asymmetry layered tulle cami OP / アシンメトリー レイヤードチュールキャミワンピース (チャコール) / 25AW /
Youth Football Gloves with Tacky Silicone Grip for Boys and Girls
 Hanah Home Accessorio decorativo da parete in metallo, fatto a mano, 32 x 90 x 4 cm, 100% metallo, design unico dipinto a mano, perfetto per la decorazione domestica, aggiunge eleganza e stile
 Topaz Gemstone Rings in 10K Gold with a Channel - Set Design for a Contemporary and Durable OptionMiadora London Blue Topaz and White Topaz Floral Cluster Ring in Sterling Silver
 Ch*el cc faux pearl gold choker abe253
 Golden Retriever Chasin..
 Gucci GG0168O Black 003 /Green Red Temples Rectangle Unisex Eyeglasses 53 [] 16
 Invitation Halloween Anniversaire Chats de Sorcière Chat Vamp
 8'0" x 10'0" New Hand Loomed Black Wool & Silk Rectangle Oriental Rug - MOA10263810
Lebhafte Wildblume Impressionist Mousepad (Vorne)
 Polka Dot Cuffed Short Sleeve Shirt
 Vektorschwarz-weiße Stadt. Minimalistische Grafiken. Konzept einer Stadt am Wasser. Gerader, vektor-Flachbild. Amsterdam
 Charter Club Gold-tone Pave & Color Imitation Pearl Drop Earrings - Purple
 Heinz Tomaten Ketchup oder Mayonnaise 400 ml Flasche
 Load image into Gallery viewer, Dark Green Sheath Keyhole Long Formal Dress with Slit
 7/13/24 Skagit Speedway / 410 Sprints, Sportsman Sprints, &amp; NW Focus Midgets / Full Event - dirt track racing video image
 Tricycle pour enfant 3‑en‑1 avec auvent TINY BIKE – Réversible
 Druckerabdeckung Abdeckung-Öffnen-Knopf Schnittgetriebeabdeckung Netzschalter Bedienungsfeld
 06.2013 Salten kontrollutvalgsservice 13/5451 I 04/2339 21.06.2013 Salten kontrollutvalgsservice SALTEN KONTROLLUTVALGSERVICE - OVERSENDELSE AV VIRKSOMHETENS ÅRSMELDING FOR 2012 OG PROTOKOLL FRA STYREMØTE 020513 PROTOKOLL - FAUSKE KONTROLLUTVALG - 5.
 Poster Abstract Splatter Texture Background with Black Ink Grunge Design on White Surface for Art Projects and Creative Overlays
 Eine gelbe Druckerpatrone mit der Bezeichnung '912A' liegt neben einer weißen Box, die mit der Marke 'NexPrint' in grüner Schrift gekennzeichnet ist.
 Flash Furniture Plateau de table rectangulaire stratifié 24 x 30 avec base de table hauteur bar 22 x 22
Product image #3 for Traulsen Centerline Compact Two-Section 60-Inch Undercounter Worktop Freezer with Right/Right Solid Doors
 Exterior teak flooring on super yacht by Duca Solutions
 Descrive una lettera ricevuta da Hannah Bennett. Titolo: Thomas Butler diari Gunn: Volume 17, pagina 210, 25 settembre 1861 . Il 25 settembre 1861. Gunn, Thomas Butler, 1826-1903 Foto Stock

• _THE TASK_: Within the listing, how many lines hold the word "Black"? Answer with the number by itself.

• _SOLUTION FOR THIS PROBLEM_: 3